When I read that the Singapore Sports School (SSP) thrashed Assumption Pathway School (APS) 32-0 in a preliminary-round B Division boys' football game last week, it shed more light on why our national football standards are not improving (Lopsided 32-0 score in National School Games football match stirs debate, Jan 25).
For more than 10 years, I was part of Jakarta's biggest school football league involving more than 300 schools. I was also chairman of a less competitive league with about 200 players.
We had one mission: Keep it competitive but enjoyable. Players learnt about teamwork and fair play and to persevere, while developing themselves physically and mentally.
We had some very basic rules around teams racking up points. Let me share a few.
In the competitive league, the maximum score counted in each game was a goal difference of five. Additional goals beyond that would not be counted, which meant there was really no benefit in racking up goals against a weaker opponent.
In the non-competitive league, if a team scored more than five, it would have to take a player off for each additional goal. Balance was usually found after the stronger team had taken a few players off. That team would have to pass the ball far more effectively, and everyone could learn.

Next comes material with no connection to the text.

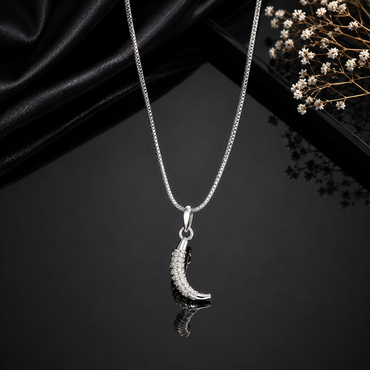 Elegant silver-tone crescent moon pendant necklace with sparkling stone detailing and sleek chain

Coaches of stronger teams were encouraged to try different ideas if they were winning by a large margin, such as instructing their players to string together at least five consecutive passes before scoring, which trained passing techniques, or switching attacking players to defence and vice versa, so that players understood the pressures of different positions.
We look to our schools, especially the SSP, to help raise our football standards. What did they learn from hammering a team 32-0?
A local coach told The Straits Times that the schools format is organised by the Ministry of Education and not the Football Association of Singapore. Why is the ministry playing this role when it knows little about football and what is needed on the field?
Can't organisations here work together to help raise the standards of football in this country?
To APS, which was down 20-0 at half time and continued to play to the final score of 32-0, you are the real winners in my book. I laud the school for teaching the young the true value of sports.